Records from a dataset:
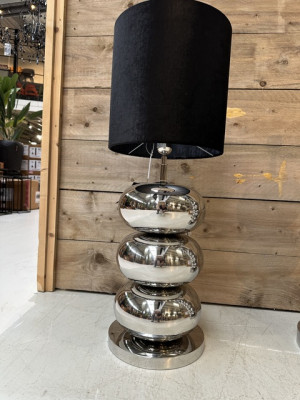 Tischlampe Silber Metall, Tischleuchte Metall-Silber, Tischlampe mit Lampenschirm schwarz, Höhe 56 cm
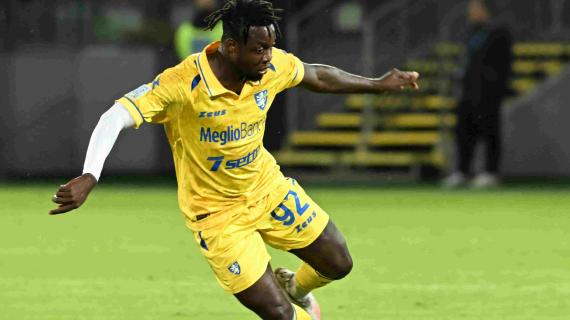 Frosinone-Cesena 3-1: Raimondo e Ghedjemis in gol, Calò che piede. Kvernadze ingenuo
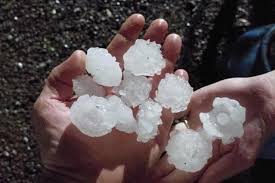 Pelo menos quatro cidades gaúchas registraram danos causados por temporais e queda de granizo neste domingo. De acordo com a MetSul Meteorologia, os fenômenos acompanham o avanço de uma frente [&hellip;]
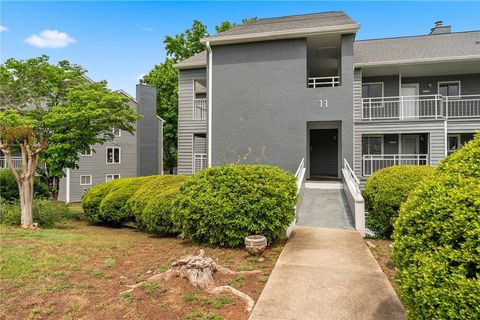 Photo of 1101 Northlake Drive, Anderson, SC 29625 (MLS # 20300836)
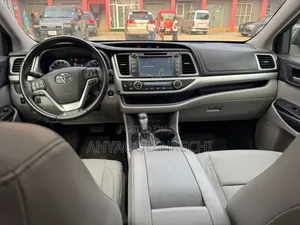 Toyota Highlander XLE 4x4 V6 (3.5L 6cyl 8A) 2018 White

▸ Exercise goal
Write out the lines from the line with "Photo of 1101" through the end of the records exactly; do not include pictures or any other lines.

▸ Response
 Photo of 1101 Northlake Drive, Anderson, SC 29625 (MLS # 20300836)
 Toyota Highlander XLE 4x4 V6 (3.5L 6cyl 8A) 2018 White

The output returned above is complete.